* What you need to do: Copy exactly and only the lines running from the one that contains "Ningbo 24led Solar" to the final line of the data below, without the pictures.

* Records:
━━━━

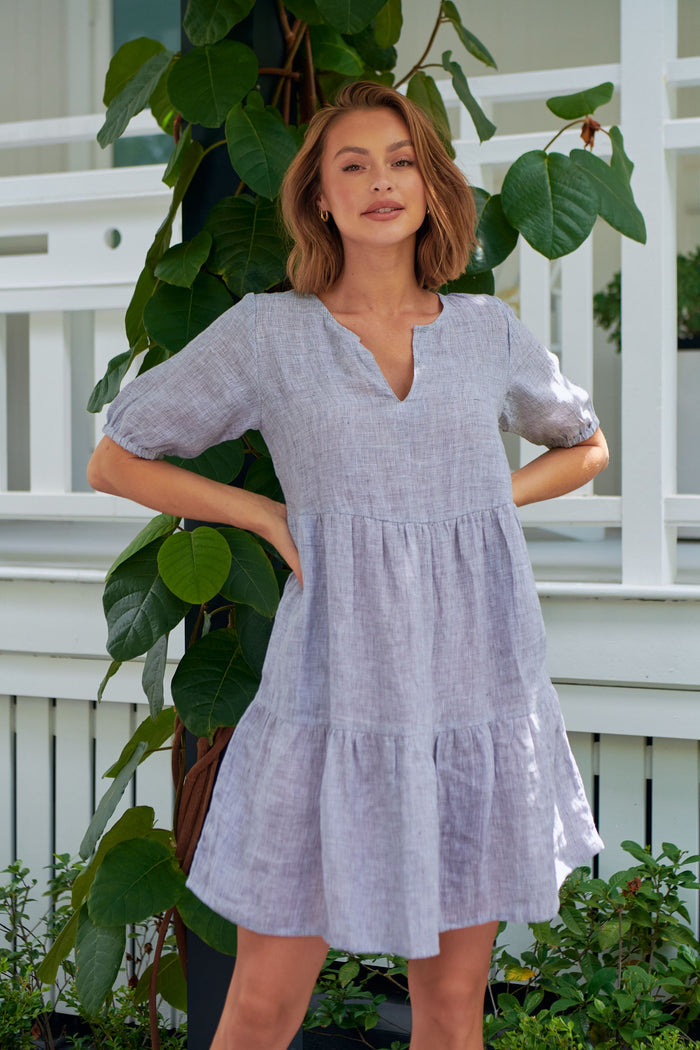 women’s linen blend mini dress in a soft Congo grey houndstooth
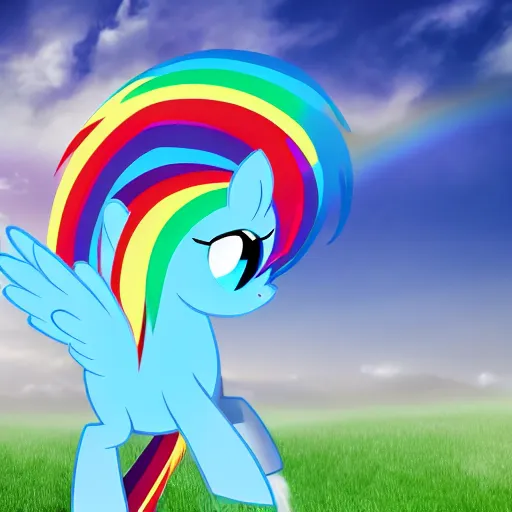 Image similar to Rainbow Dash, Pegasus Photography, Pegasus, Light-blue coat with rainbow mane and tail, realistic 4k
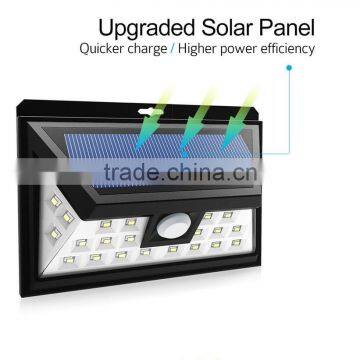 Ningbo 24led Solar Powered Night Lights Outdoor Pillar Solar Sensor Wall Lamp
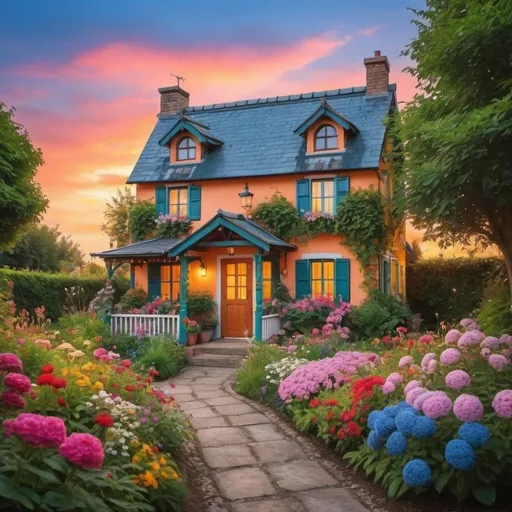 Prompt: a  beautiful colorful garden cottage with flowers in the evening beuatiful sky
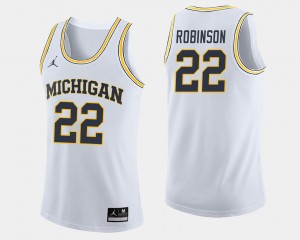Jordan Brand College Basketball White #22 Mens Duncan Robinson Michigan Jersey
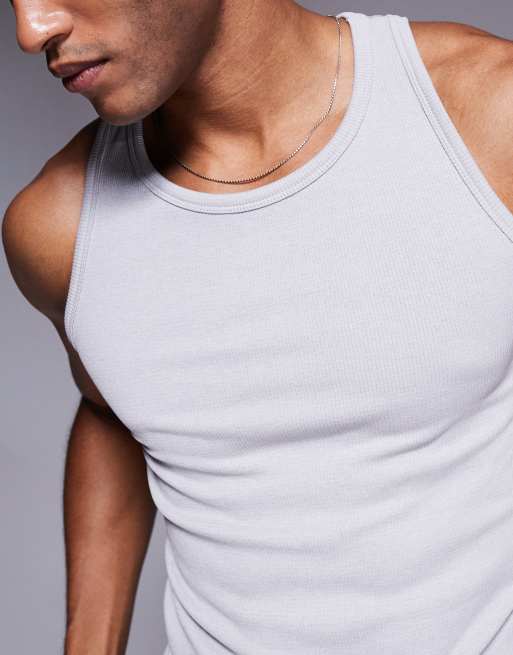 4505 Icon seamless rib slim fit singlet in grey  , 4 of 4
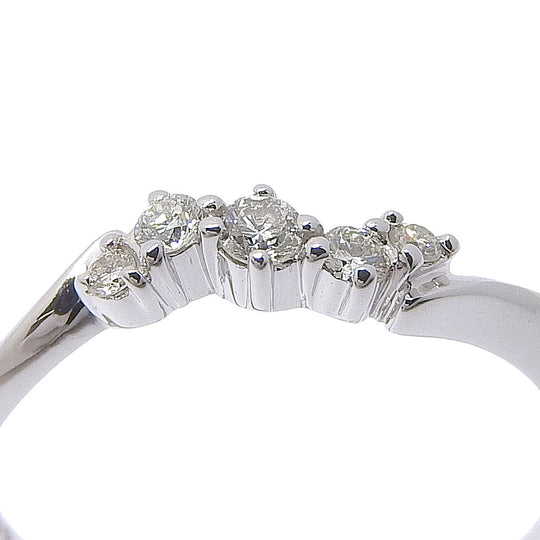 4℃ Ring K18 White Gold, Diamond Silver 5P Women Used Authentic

━━━━

* Answer box:
 Ningbo 24led Solar Powered Night Lights Outdoor Pillar Solar Sensor Wall Lamp
 Prompt: a  beautiful colorful garden cottage with flowers in the evening beuatiful sky
Jordan Brand College Basketball White #22 Mens Duncan Robinson Michigan Jersey
 4505 Icon seamless rib slim fit singlet in grey  , 4 of 4
 4℃ Ring K18 White Gold, Diamond Silver 5P Women Used Authentic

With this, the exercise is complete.